◆ TRY IT:
Below are some records. Set down exactly the line holding "CROP BR.statueprotest.062920 TS 415.jpg" and every later line through the end, omitting the pictures.

◆ DATA EXCERPTS:
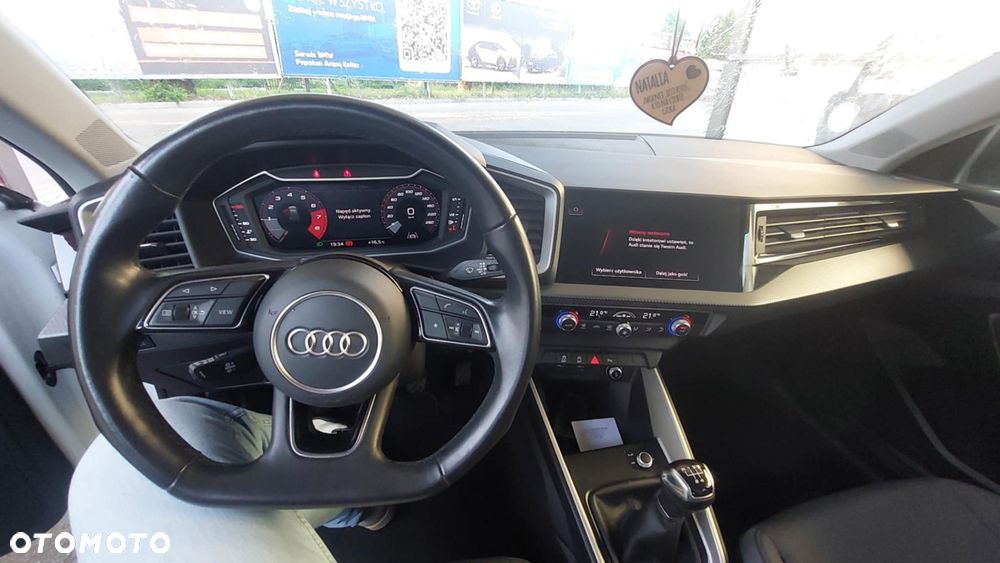 Audi A1 Sportback 25 TFSI S line - 32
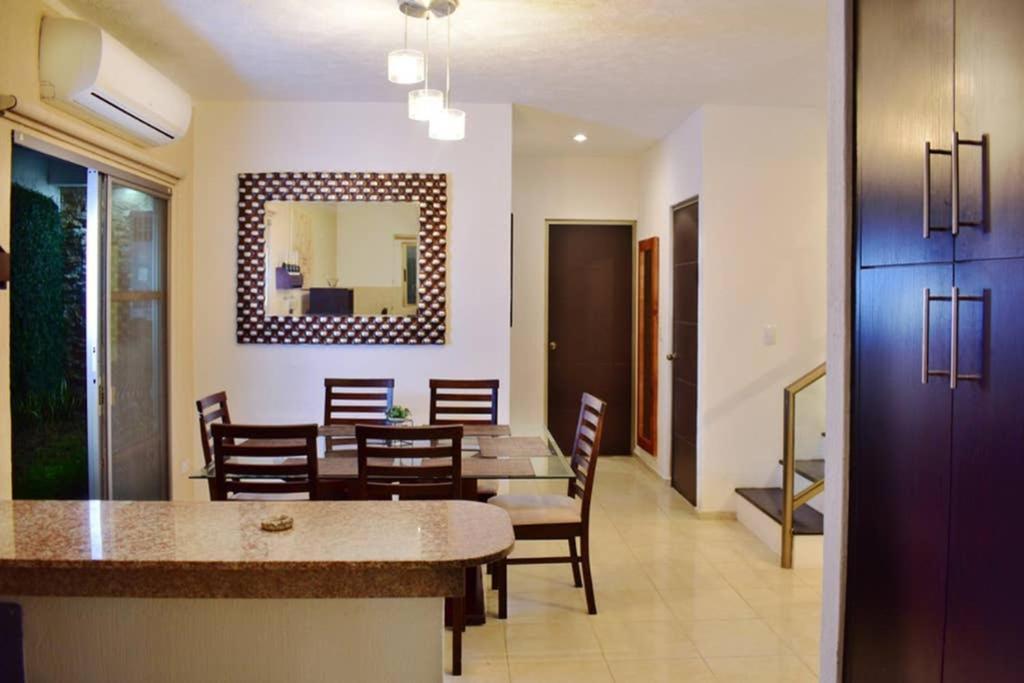 Casa Hector, Con Jacuzzi, Cerca Del Foro Gnp. Villa Mérida Exteriör bild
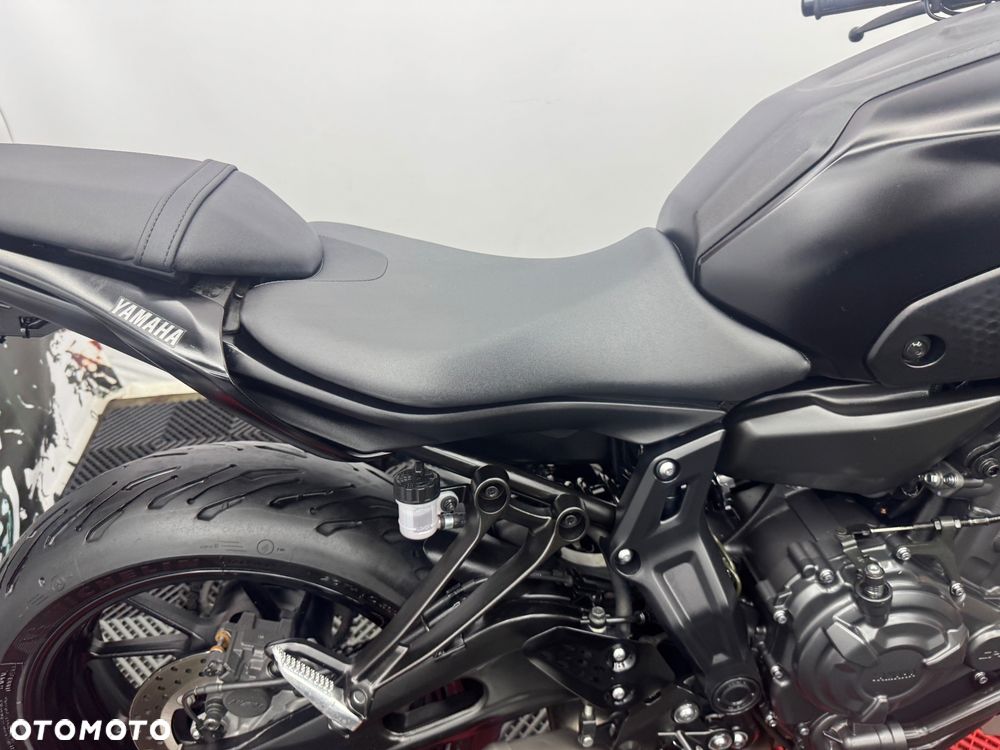 Yamaha MT - 28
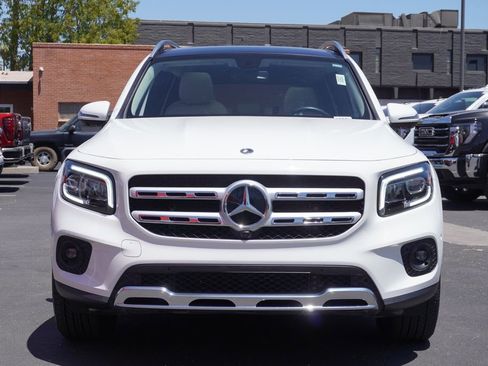 Used 2021 Mercedes-Benz GLB 250 4MATIC image 5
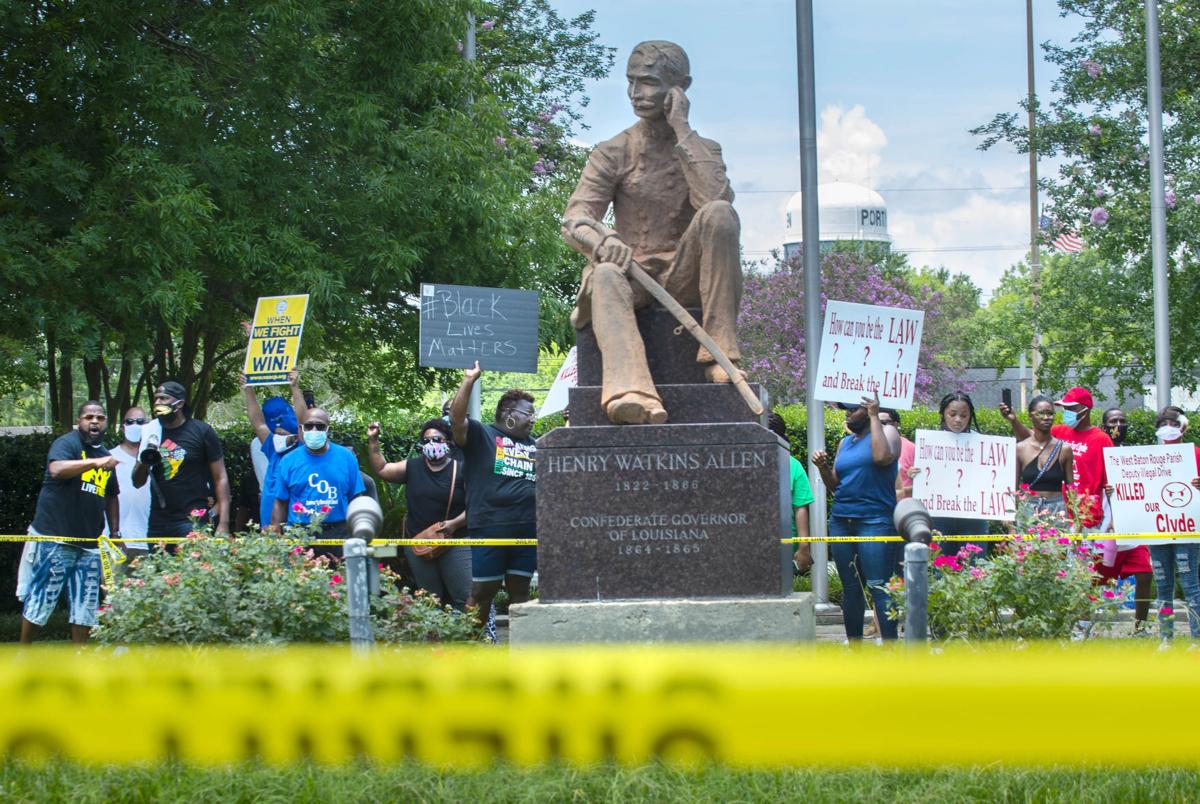 CROP BR.statueprotest.062920 TS 415.jpg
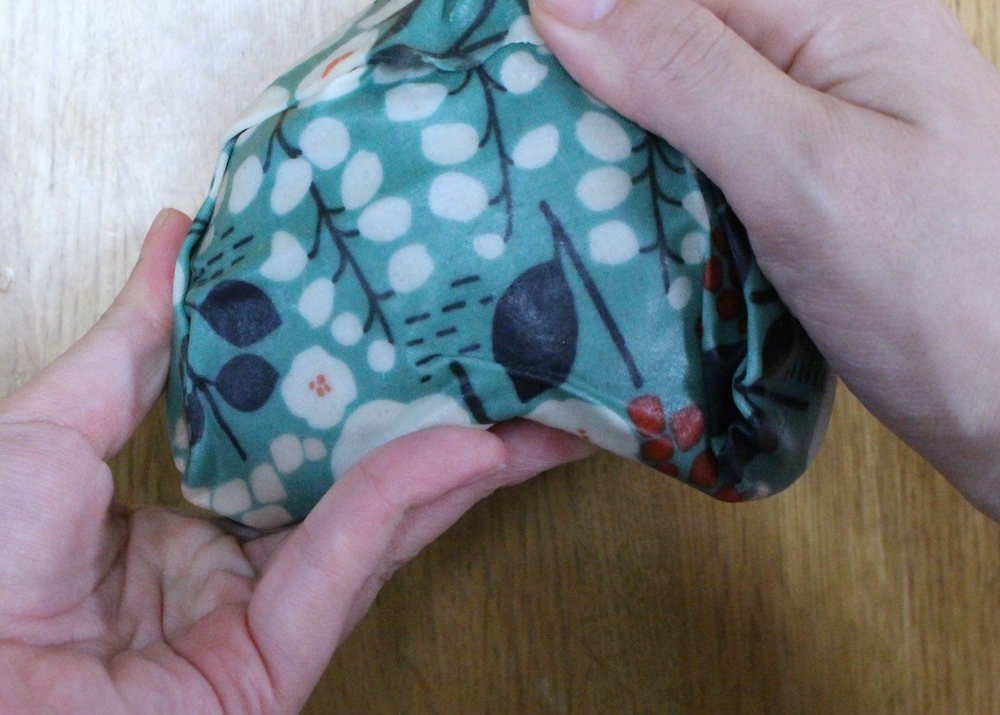 手の熱でやわらかくなるBee Eco Wrap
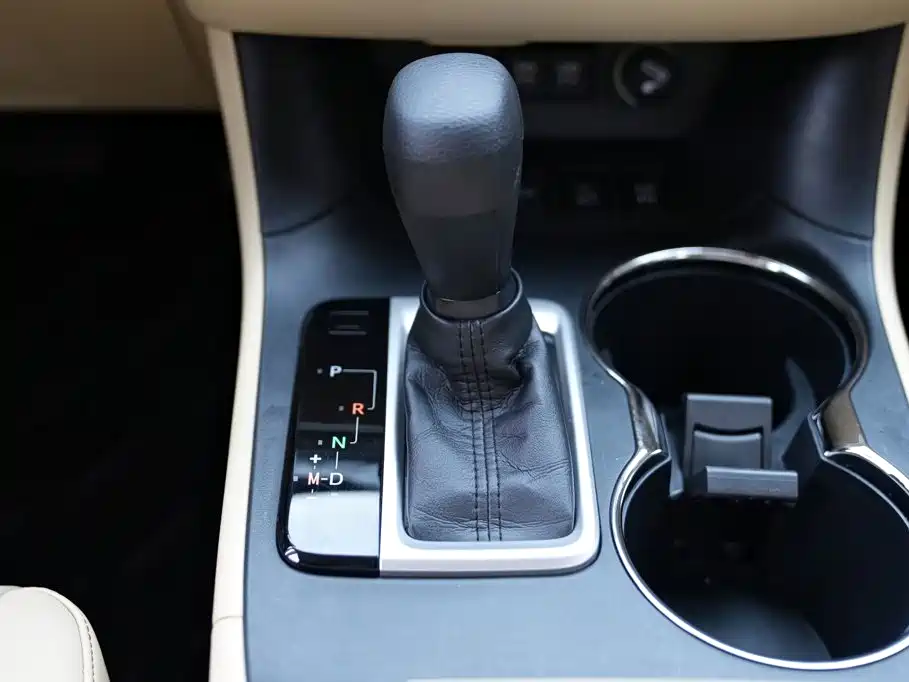 Toyota Highlander — миниатюра 12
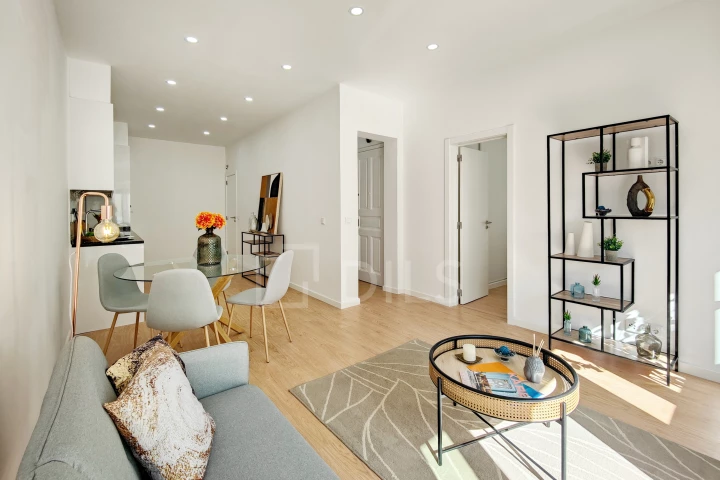 3 bedrooms Apartment in Lisbon, Portugal No. 103595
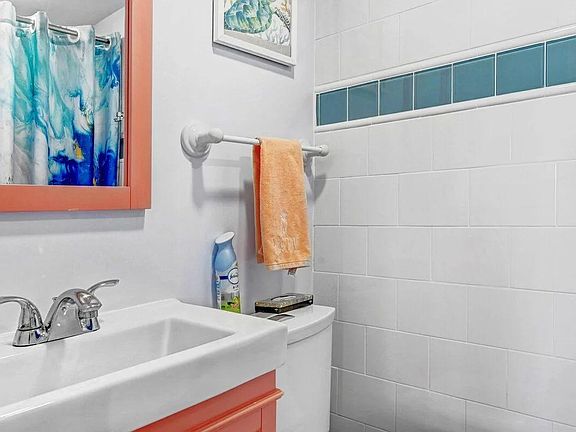 2nd image of 810 Carol Ave #5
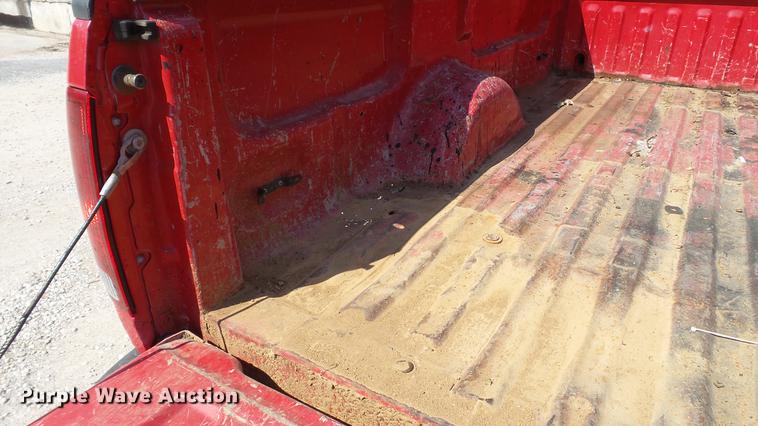 image for item DD7412 2000 Ford F150 flatbed pickup truck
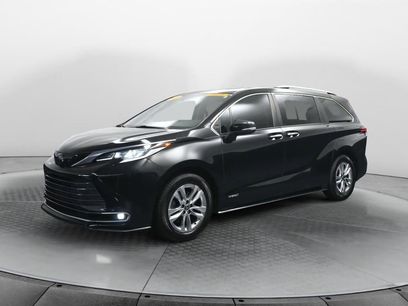Used 2021 Toyota Sienna Limited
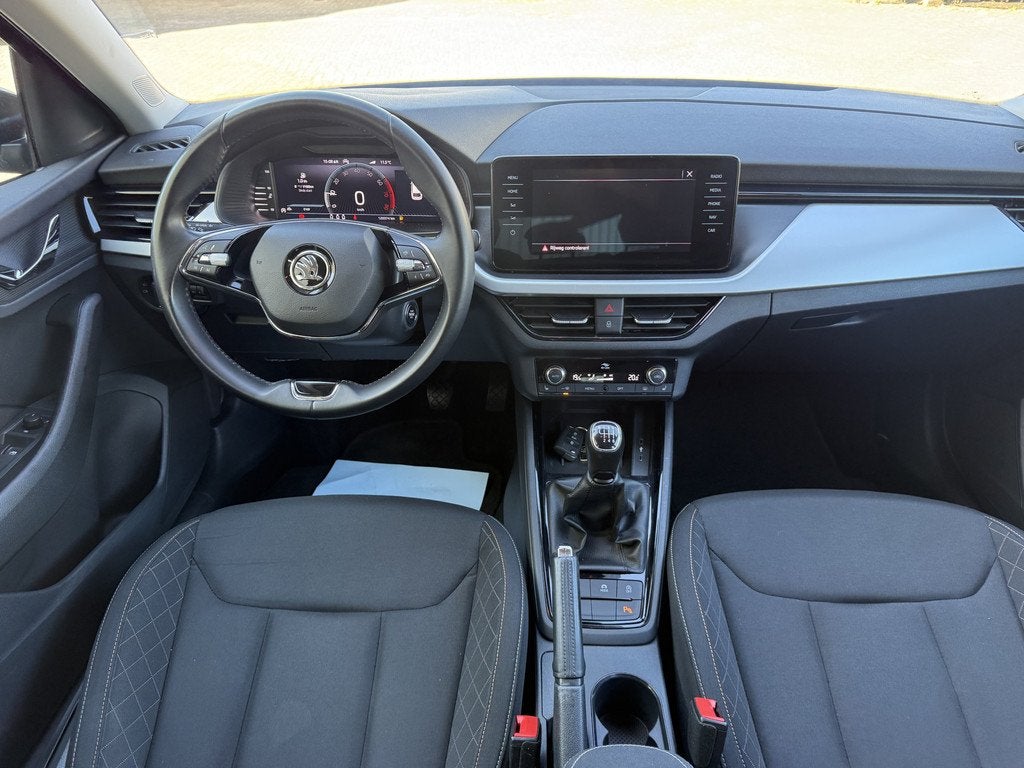 Skoda Scala 1.0 TSI Ambition Incl.Garantie (bj 2022), Auto's, Skoda, Voorwielaandrijving, Scala, Gebruikt, 1232 kg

◆ ANSWER TO THIS PROBLEM:
 CROP BR.statueprotest.062920 TS 415.jpg
 手の熱でやわらかくなるBee Eco Wrap
 Toyota Highlander — миниатюра 12
 3 bedrooms Apartment in Lisbon, Portugal No. 103595
 2nd image of 810 Carol Ave #5
 image for item DD7412 2000 Ford F150 flatbed pickup truck
Used 2021 Toyota Sienna Limited
 Skoda Scala 1.0 TSI Ambition Incl.Garantie (bj 2022), Auto's, Skoda, Voorwielaandrijving, Scala, Gebruikt, 1232 kg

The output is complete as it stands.